Clearly, the EU and richer countries must recall that international climate finance is essential for all dimensions of security, and failing to step up in light of the finance needs of developing countries would only exacerbate fragility, resource scarcity including energy and food insecurity, conflict and geopolitical competition. The EU must come fully prepared to the remaining policy milestones this year, to make sufficient, meaningful financial commitments, especially in the form of grants. The EU Ministers on Economy and Finance play a central role in this, and must work quickly and in concert with climate negotiators and all relevant actors.
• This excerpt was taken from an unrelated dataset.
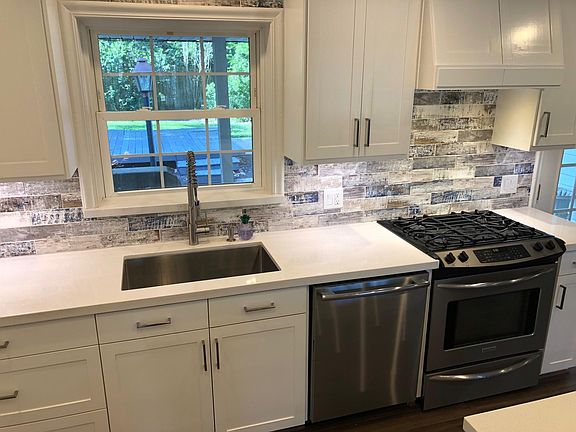 Fully upgraded kitchen with all appliances included.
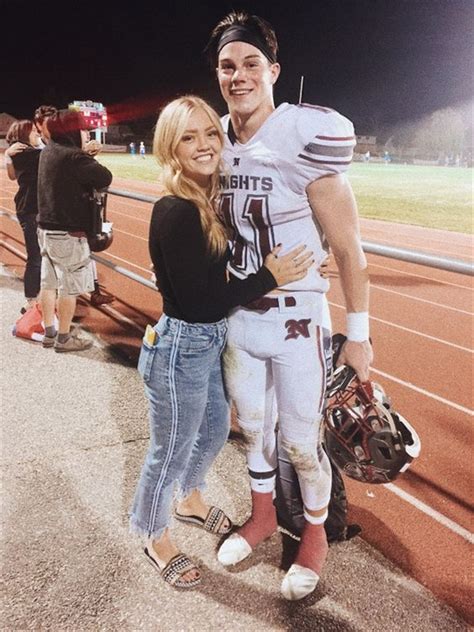 40 perfect football player and cheerleader couple pictures you dream to have cute hostess for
Positively, there is increasing intention internationally on what role new sources could play to generate additional money for climate action from big polluters and profiteers and the EU should have a closer look at which sources it can help become reality. A recent CAN Europe report has some suggestions for this. 


The Mitigation Work Programme

There was little progress in the MWP, and many feel alarmed that the discussions have not advanced. It leaves the UNFCCC Parties very poorly positioned to collectively reduce emissions by 43% by 2030 and 60% by 2035 from 2019 levels, indicated by the IPCC and confirmed by the Global Stocktake outcomes. This can only be achieved by enhanced NDCs which should be the focus of this work programme, and the main deliverable in 2025 for all countries, especially rich ones. Instead, the negotiating room was dominated entirely by discussion over process, including through roadblocks put up by some of the fossil fuel producing countries such as Russia, Saudi Arabia or Iran, not even an informal note was allowed to pass. This is regarded by some as one of the worst possible outcomes as it gives no formal recognition to the discussions that took place in Bonn. At times it felt as though high-emitting Parties were intentionally grinding substantive discussion (on mitigation & emissions reduction) to a halt. 

For many, hopes are with the Troika (the outgoing UAE, incoming Azerbaijan and next-in-line Brazil COP Presidencies). If the Troika publish their own ambitious NDCs by the February 2025 deadline, they can then make the most of their unique ability to influence and cajole other countries to deliver ambitious NDCs. It is vital that the EU and other large European powers work hard and fast to deliver ambitious NDCs that eradicate fossil fuel investments and rebalance societies – and dedicate time, effort and resources to supporting poorer countries to achieve the same. By the time we reach Baku, CAN expects those efforts and resources to be in full flow, to create a constructive space for the MWP.


The Just Transition Work Programme
The Just Transition Work Programme was a relatively positive and constructive part of the UNFCCC Bonn Sessions which helped to give the platform the momentum it needed. A concluding text was agreed that incorporated most of CAN Europe’s priorities, including: a second hybrid dialogue under the work programme to be held prior to COP29, with topics selected in a transparent and consultative manner, with specific language on effective and inclusive participation of non-party stakeholders. The conclusion also included an informal summary of the discussions and references to the informal note (with placeholders for  the work plan, and guidance towards concrete outcomes and actionable solutions).

The EU should continue championing the Just Transition Work Programme and push for concrete outcomes and actionable solutions, as well as funding associated with justice and just transition. There still exists a range of perspectives on ‘just transition’ – some view justice as tackling the growing human development gap, whilst others perceive it to refer to a Indigenous rights, worker’s rights and/or a gender-oriented transition. These will be questions that continue to come up in the approach to Baku.